CloudQuery is a data integration framework that is open-source and highly performant. It is designed to help developers extract, load, and transform configuration data from cloud APIs to a variety of supported destinations such as databases, data lakes, or streaming platforms for further analysis.

In other words, CloudQuery is a tool that helps developers sync data between various sources and destinations, transform the data, and visualize it. It supports plugins, destinations, transformations, and visualizations for data lake, security, compliance, and finops use cases.

Its origin is with extracting configuration data from various cloud providers. Today, it supports a variety of additional data sources with many destinations such as relational and NoSQL databases as well as Kafka.

Use Cases for CloudQuery

CloudQuery is a versatile tool that can be used for a variety of purposes, including but not limited to:

  • Data Integration
  • Security and Compliance
  • Data Unification
  • Performance Optimization

CloudQuery can help solve the problem of data integration by extracting data from cloud APIs and loading it into a variety of supported destinations such as databases, data lakes, or streaming platforms for further analysis. It can also help with security and compliance by maintaining a number of out-of-the-box security and compliance policies for cloud infrastructure. CloudQuery can eliminate data silos across organizations, unifying data between security, infrastructure, marketing, and finance teams. Additionally, CloudQuery is optimized for performance, utilizing the excellent Go concurrency model with light-weight Go routines. This makes it an ideal tool for running ELT workloads that are compute-intensive and can get expensive.
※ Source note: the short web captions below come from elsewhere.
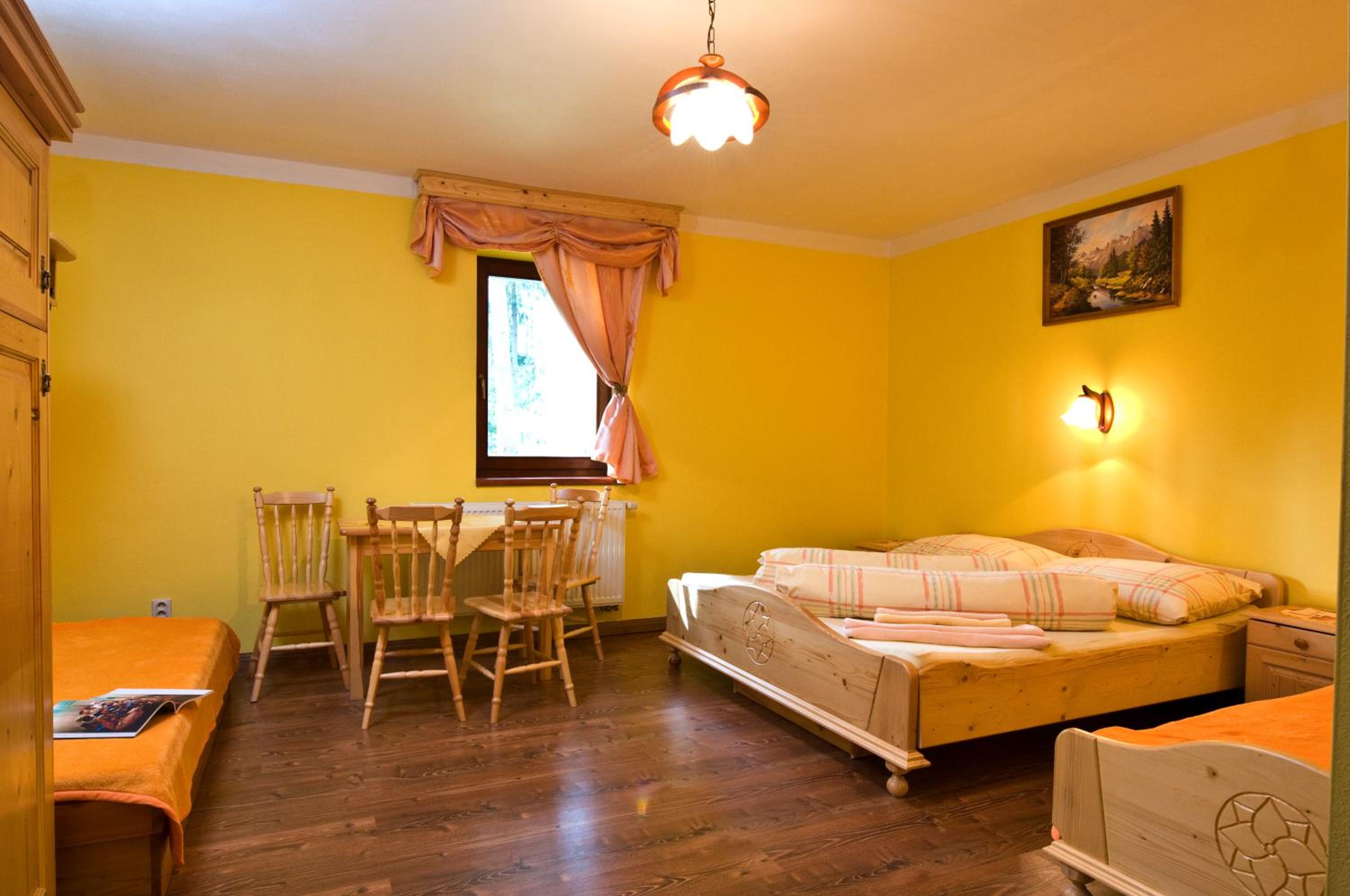 Triple Room with Private Bathroom photo 2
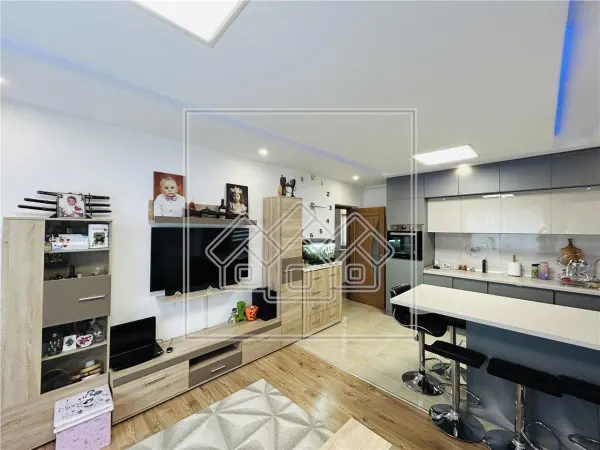 Apartament 3 camere Șelimbăr - poza 5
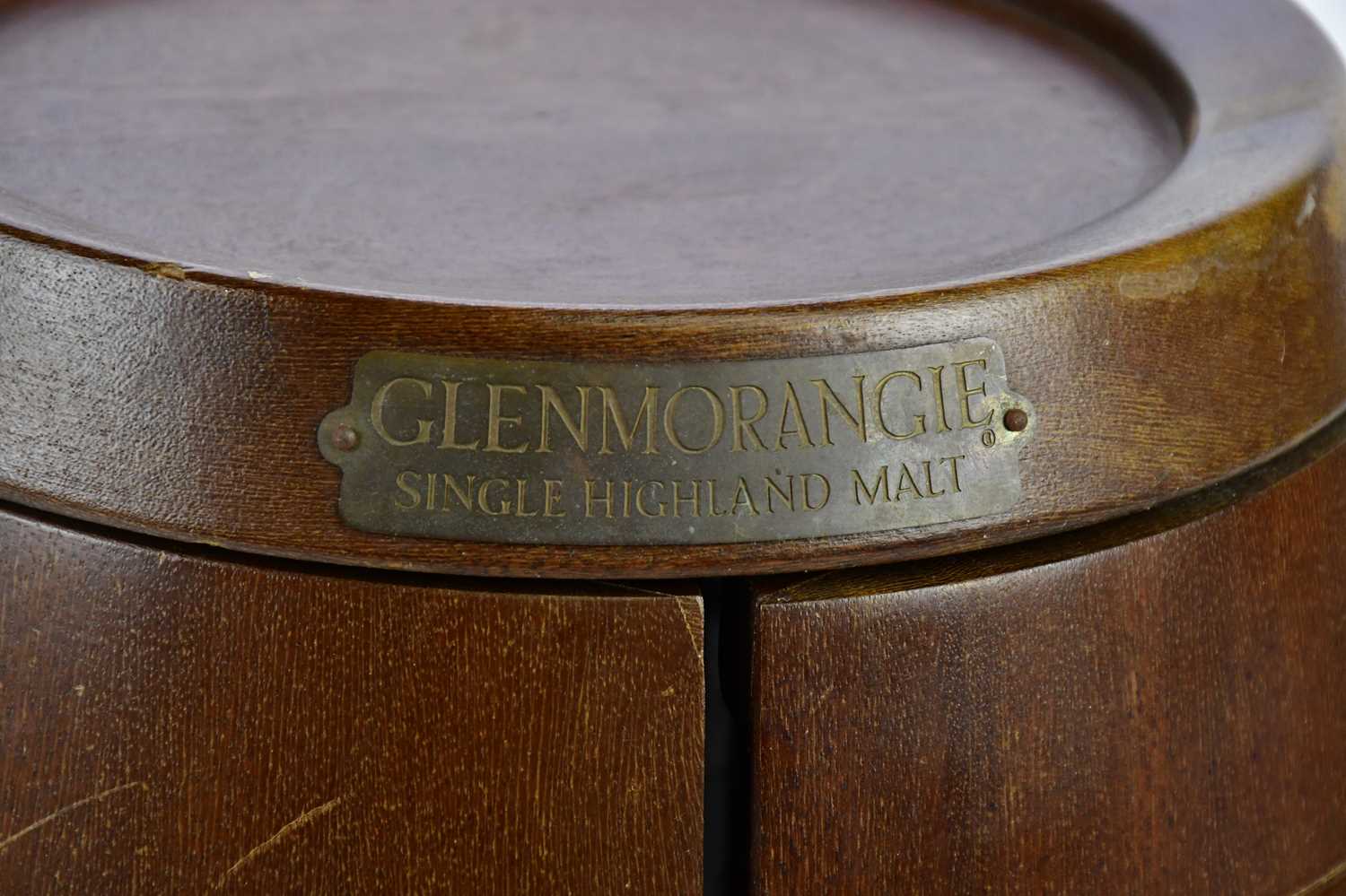 GLENMORANGIE; a wooden bottle case in the form of a whisky barrel, the interior decorated with - Image 3 of 3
A very common problem large organizations face, is that they have trouble keeping track of all their cloud assets. Especially in multi-account and multi-cloud environments, maintaining insights into all your resources is cumbersome, as each cloud provider uses their own API/data model. CloudQuery can efficiently load most types of resource configurations across all cloud providers and accounts and therefore provide all the data into a single destination. The data can then be accessed offline (without additional requests to the cloud providers) and therefore provides an excellent point-in-time view into all cloud resources within an organization.
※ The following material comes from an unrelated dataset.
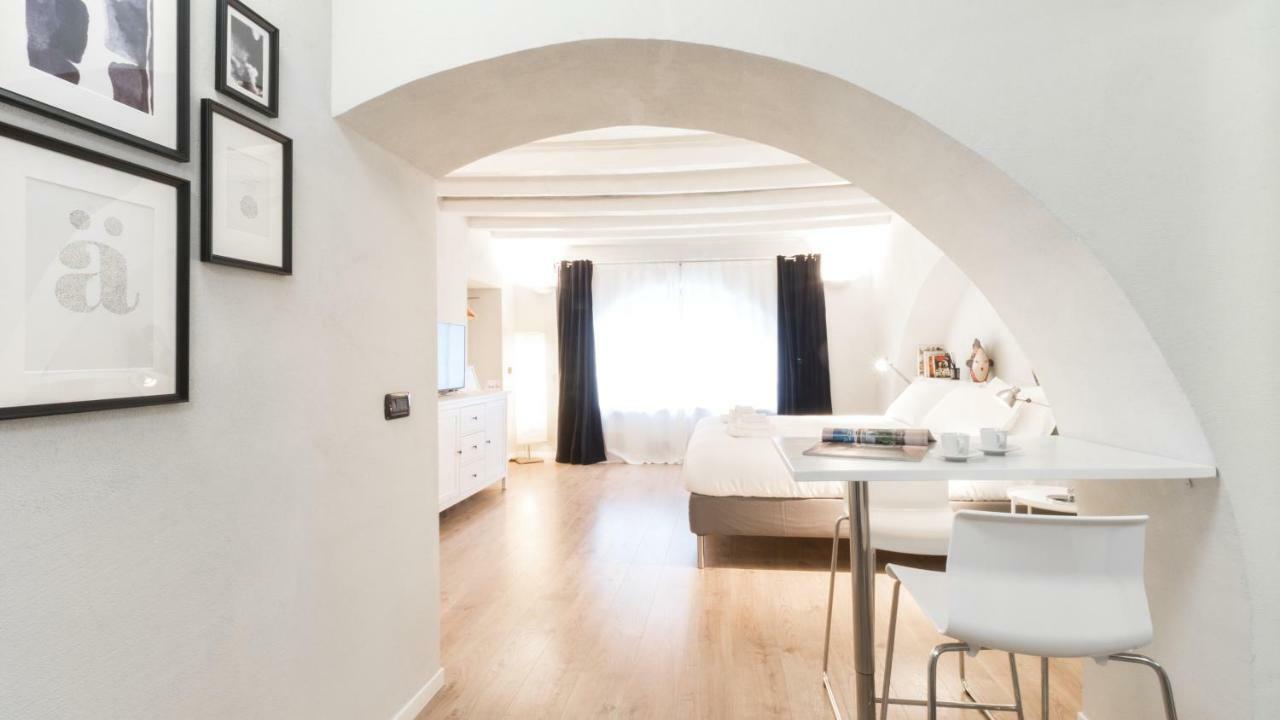 Italianway - Rosales 1 Flat Apartment Милано Екстериор снимка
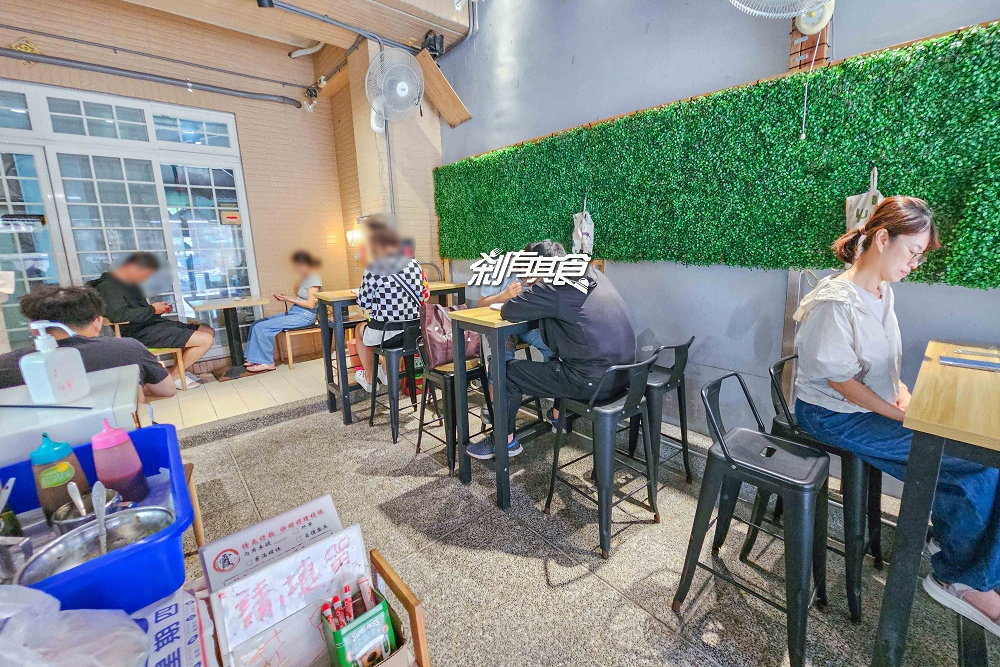 阿霞的豬肝麵,台中西屯美食,隱藏巷弄再巷弄,每天只開5.5小時,在地人都排隊的神秘銷魂老味道 阿霞的豬肝麵,台中西屯美食,隱藏巷弄再巷弄,每天只開5.5小時,在地人都排隊的神秘銷魂老味道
CloudQuery Architecture Brief

CloudQuery Architecture Diagram

CloudQuery has a pluggable architecture with Source and Destination plugins. Source plugins are used to fetch data from their respective third-party APIs (e.g. AWS, Azure or GCP) while destination plugins are responsible for database migrations and data insertion. The CLI is the end-user interface and manages and integrates Source and Destination plugins.

CloudQuery's architecture is additionally documented in the official documentation.

Quick Start

As part of this blog post there are two quick starts. The first one addresses syncing data from a single AWS account while the second one syncs data from an AWS organizational setup. There are shared steps and distinct steps for each scenario. It is recommended to go through the Single Account steps if you have administrative access to a single AWS account, but no AWS Organization exists, or you have no administrative access to the master account. Go through the Multi Account steps if you have an AWS Organization and have administrative access to the master account.
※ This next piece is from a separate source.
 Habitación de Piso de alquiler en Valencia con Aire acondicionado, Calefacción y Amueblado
Quick Start Single Account

This quick start is tailored to get one going very quickly syncing data from AWS with a single account into a data store and thus makes the following assumptions:

  • everything will be handled on your local machine
  • PostgreSQL used as data store
  • Single AWS account with SSO
  • at least some AWS EC2 instances and AWS S3 Buckets exist

Architecture Single Account

CloudQuery Quick Start Architecture Diagram for Single Account

PostgreSQL database is deployed as Docker container. CloudQuery binaries are installed locally. CloudQuery CLI is invoked locally and fetches all cloud data writing to the PostgreSQL database.

Quick Start Multi Account

This quick start is tailored to get one going very quickly syncing data from AWS with organizational setup into a data store and thus makes the following assumptions:

  • everything will be handled on your local machine
  • PostgreSQL used as data store
  • AWS organizational account setup with SSO
  • AWS has a role (role name <member_role_name>) in all (relevant) member accounts that can be assumed with read privileges (e.g. AWS managed [ViewOnlyAccess policy(https://docs.aws.amazon.com/aws-managed-policy/latest/reference/ViewOnlyAccess.html)]) for all AWS resources
  • at least some AWS EC2 instances and AWS S3 Buckets exist

Architecture Multi Account

CloudQuery Quick Start Architecture Diagram for Multiple Accounts

PostgreSQL database is deployed as Docker container. CloudQuery binaries are installed locally. CloudQuery CLI is invoked locally and fetches all cloud data writing to the PostgreSQL database.

Prerequisites

Applies to Single Account and Multi Account.

  1. AWS CLI installed
  2. AWS SSO profile set up (use this profile name to replace the placeholder <profile_name> in following example text)
  3. Docker installed
  4. CloudQuery CLI is installed on macOS or Windows or Linux and is not restricted to communicate with the internet
  5. Some database administration tool (PostgreSQL client like pgAdmin) is installed. Alternately, you can use command line tools such as the ones that come with Postgres.

Setup Quick Start Project

Applies to Single Account and Multi Account.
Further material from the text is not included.